ANSWERS: 2
  • This is from the Rime of the Ancient Mariner, I think? What it means is that in the opinion of the narrator: If an orphan (an innocent child) curses you for something you did (presumably to hurt it), it is bad enough to pull an angel from heaven to hell, but it is not as bad as the look the dead ancient mariner gave the narrator.
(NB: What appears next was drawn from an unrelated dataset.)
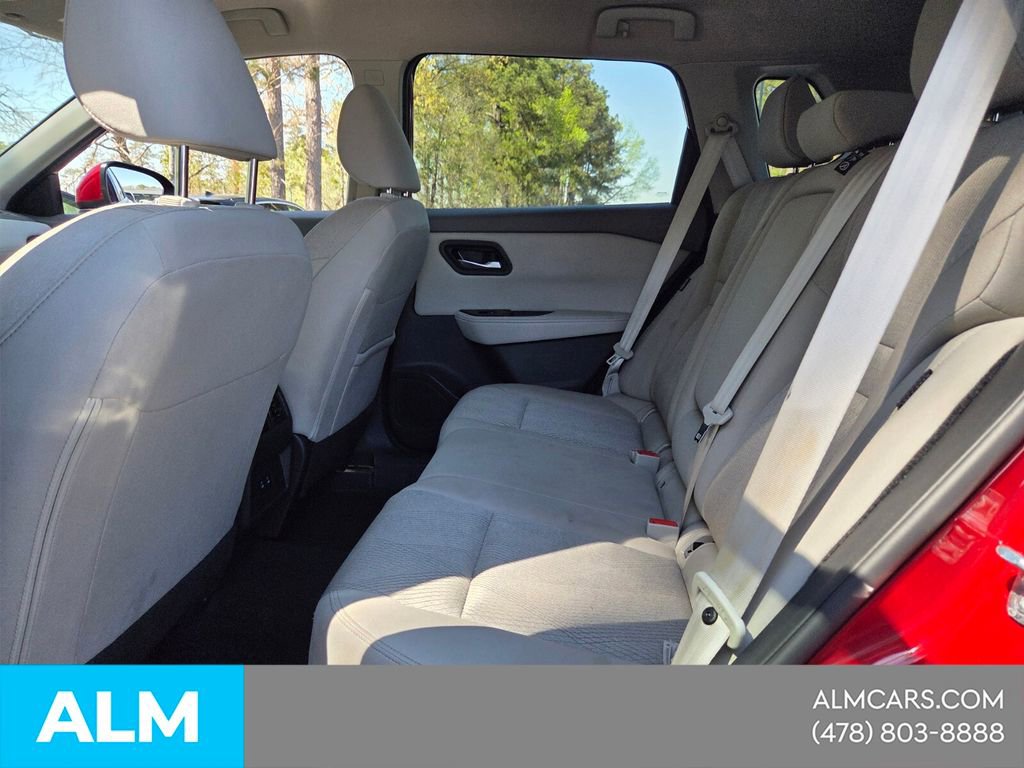 Used 2025 Nissan Rogue SV image 5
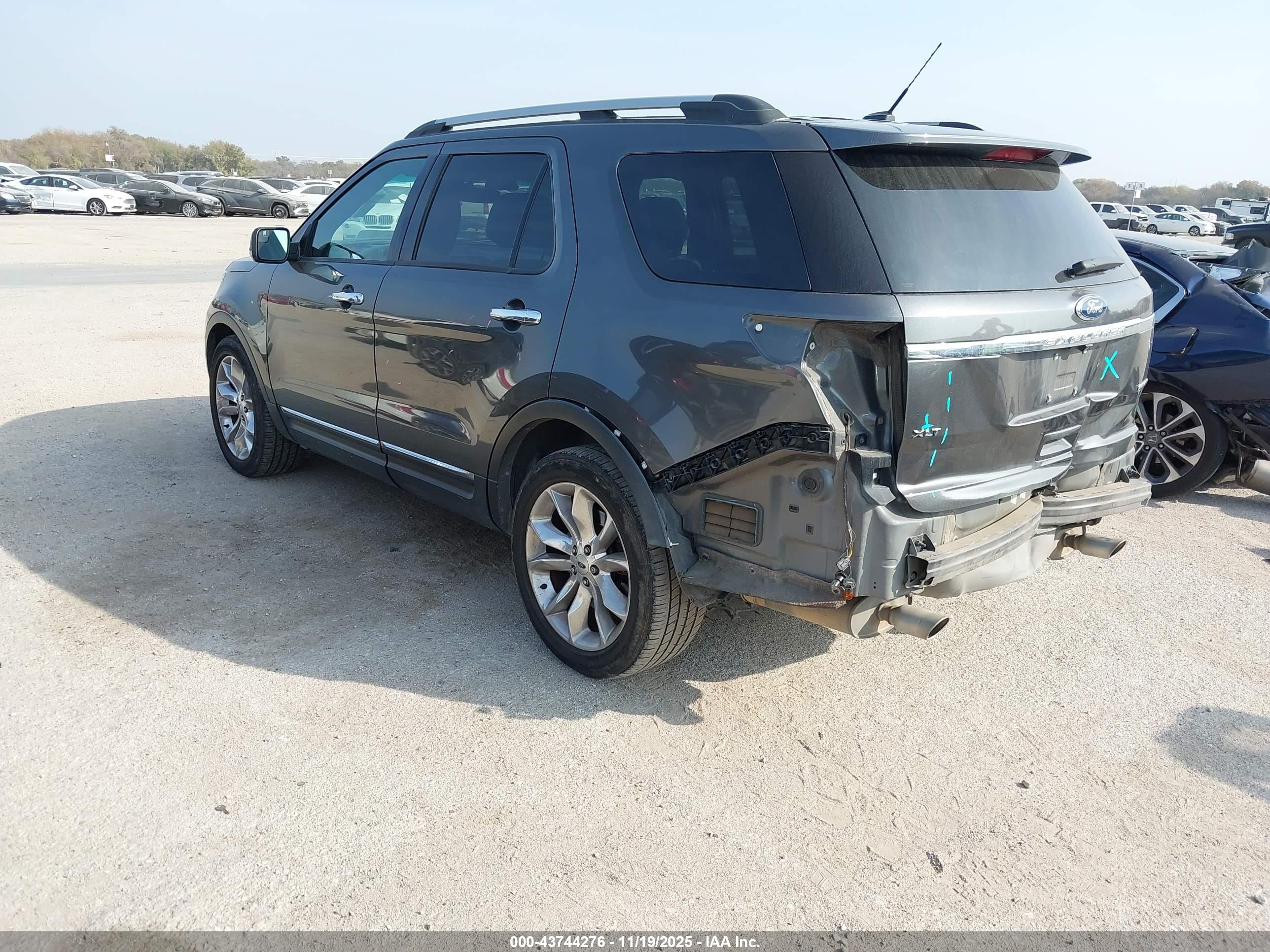 FORD EXPLORER image 3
  • To me, an orphan's curse represents the Oedipus complex. This is where we refuse to let God be God and attempt to be our own god--our own father. Of course, this leaves us spiritual orphans. (a horrible curse indeed!) But more horrible to the mariner was the curse in the eyes of the dead sailors which left him undead. In Christian theology we can only live by dying. We must die to ourselves--to the sin which is killing our souls--so that we can live. To not die is to enter a hell similar to that of the Ringraiths (or the Army of the Dead) in Lord of the Rings or of Louis in Anne Rice's Interview With a Vampire. In the final analysis, these two curses (the orphan's curse and the curse in the dead men's eyes) actually bring about the same end. But I think that Coleridge's means that such a fate is never more horrible than when you realize that it is happening to you (which the mariner realizes when he looks into the dead men's eyes). Who cares if a curse drags some spirit somewhere to hell? Hell can happen to others but it is not truly hell till it happens to you! Oh! Deliver me then from the curse in those dead men's eyes!